The asterisk refers to my skepticism about happiness surveys. But other people cite and believe this data, so I’ll play along and show the implications of the actual survey data.

Megan McArdle has a very nice article discussing the Danish model, cited by progressives like Bernie Sanders as something we should emulate. I agree with virtually everything in the article. Nonetheless, I’d like to add a few points that McArdle does not make in order to put this all into perspective.

One reason that progressives love Denmark is that it has a lot of social welfare spending, and its workers are highly productive. Even so, GDP/person in America is about 20% higher than in Denmark (adjusted for PPP.) The gap between America and Europe as a whole is much larger, as Denmark is one of Europe’s richest countries.

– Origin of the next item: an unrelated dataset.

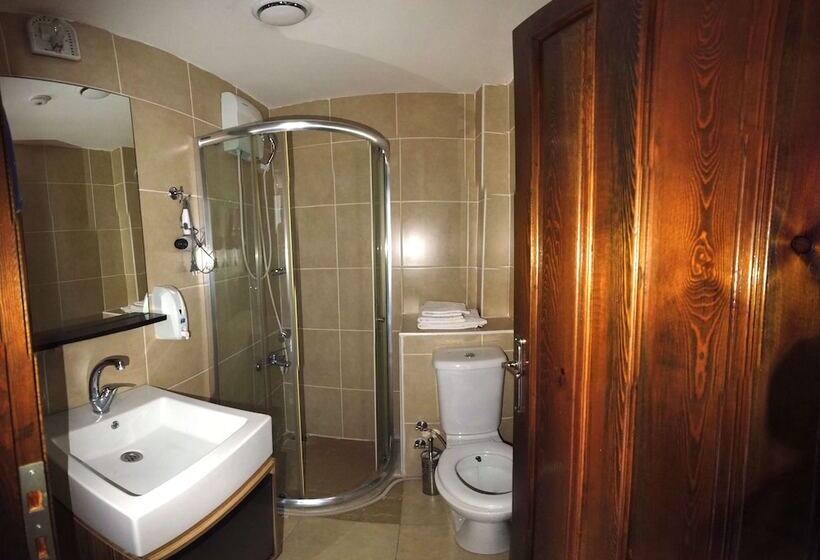 オーシャンビュースタンダードルーム, Mehmet Efendi Mansion &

Is there any evidence that this gap is due to Europe’s welfare state? I’d say yes. AFAIK, Switzerland is the only western European country with less government spending than America (as a share of GDP.) It’s also the only Western European country that is richer, apart from oil-rich Norway and a few tiny countries. High welfare spending leads to fewer hours worked, and this factor largely explains why Denmark is poorer than the US, and Europe as a whole is much poorer.

In my view it’s a mistake for progressives to cite Denmark’s high levels of happiness. If you compare the US to Europe as a whole, America is happier than more than 90% of Europe, weighted by population. Indeed the Netherlands is the largest European country that rates happier than America. And yet Europe as a whole has a much more extensive welfare state than America. And Europe as a whole is a far better comparison than Denmark—much more similar to America in terms of size and diversity of population. Unfortunately for progressives, Europe is much poorer and less happy than Denmark. Indeed the US is roughly 40% to 50% richer than the EU on a PPP basis. That’s partly due to fewer hours worked and partly due to lower productivity.

Putting this all together there’s really no evidence that social welfare spending makes Denmark a happy country. If they are happier (I’m agnostic on that point) it’s more likely due to their culture—a high trust society. Big government probably makes countries poorer than otherwise, and does not seem to make them happier. That’s the lesson I draw from looking at both Denmark and Europe as a whole.

PS. Ten years ago I wrote a long article on this topic, entitled “The Great Danes“.